Repeat the data exactly, leaving out any image.

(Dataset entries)
::::

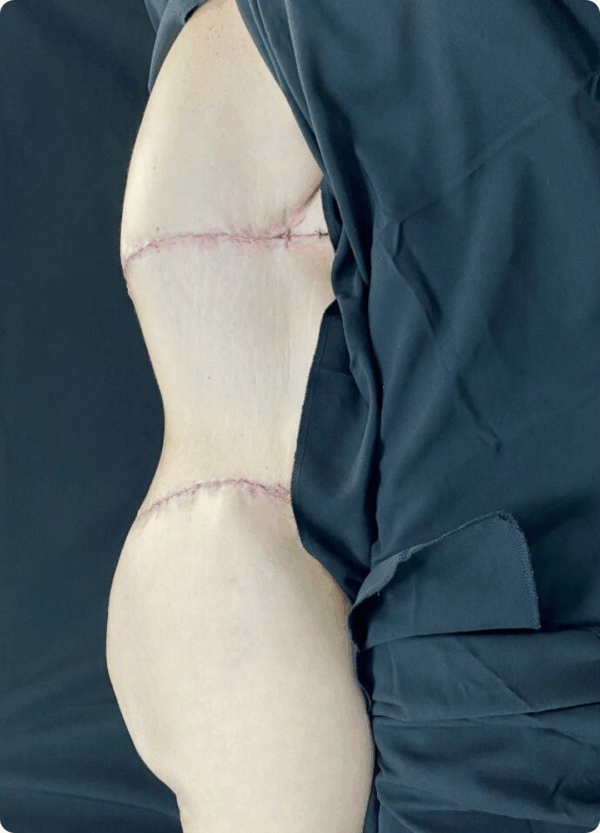 Body Lift - 24104 - Image 2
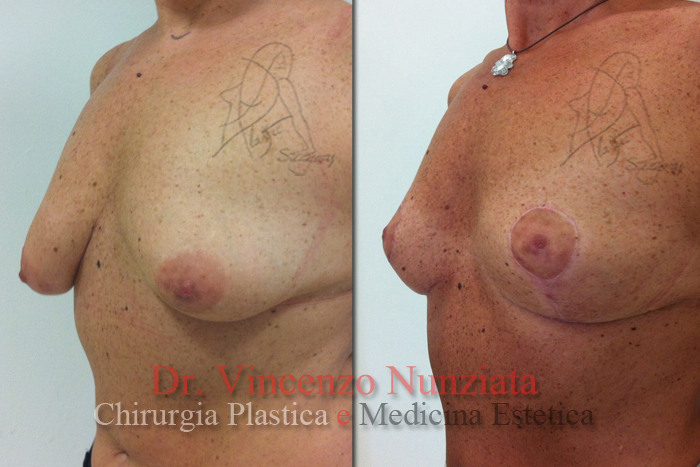 Mastopessi prima e dopo – Paziente 2 – Dr. Vincenzo Nunziata, chirurgo plastico – foto 4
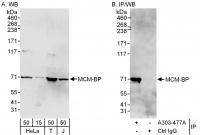 Detection of human MCM-BP by western blo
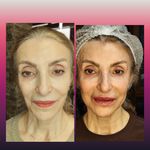 مطب پوست ،مو و لیزر یسنا طب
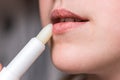 Chapped, or cracked, dry lips that have lost moisture. Woman maintains her lips. Lip Care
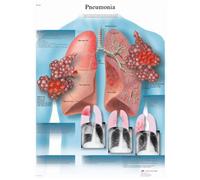 3B Scientific Anatomie humaine - Tableau de pneumonie, version plastifiée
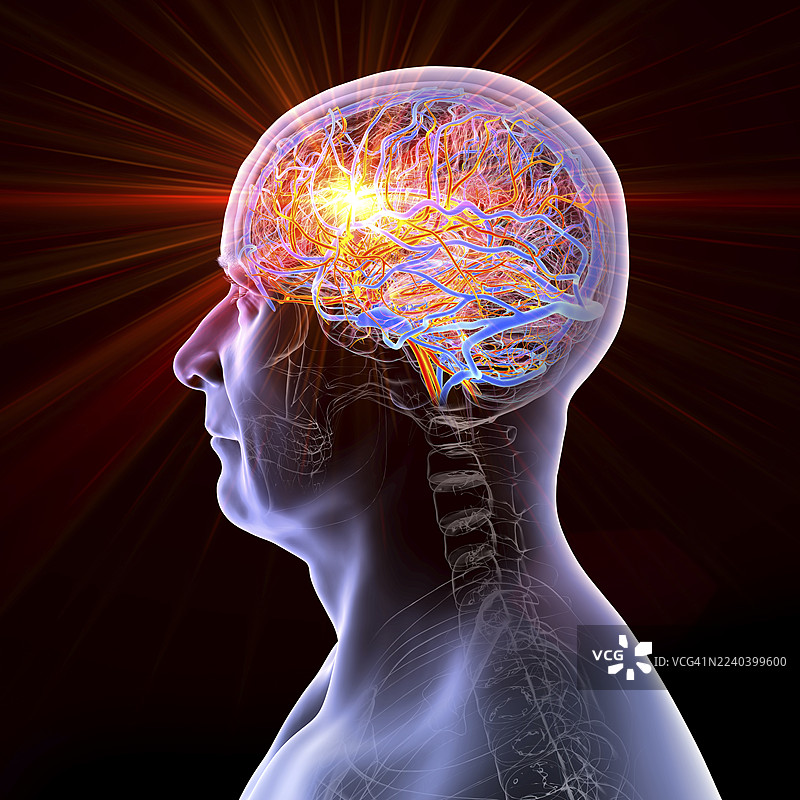脑卒中，概念插画图片素材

::::

Answer to this task:
 Body Lift - 24104 - Image 2
 Mastopessi prima e dopo – Paziente 2 – Dr. Vincenzo Nunziata, chirurgo plastico – foto 4
 Detection of human MCM-BP by western blo
 مطب پوست ،مو و لیزر یسنا طب
 Chapped, or cracked, dry lips that have lost moisture. Woman maintains her lips. Lip Care
 3B Scientific Anatomie humaine - Tableau de pneumonie, version plastifiée
脑卒中，概念插画图片素材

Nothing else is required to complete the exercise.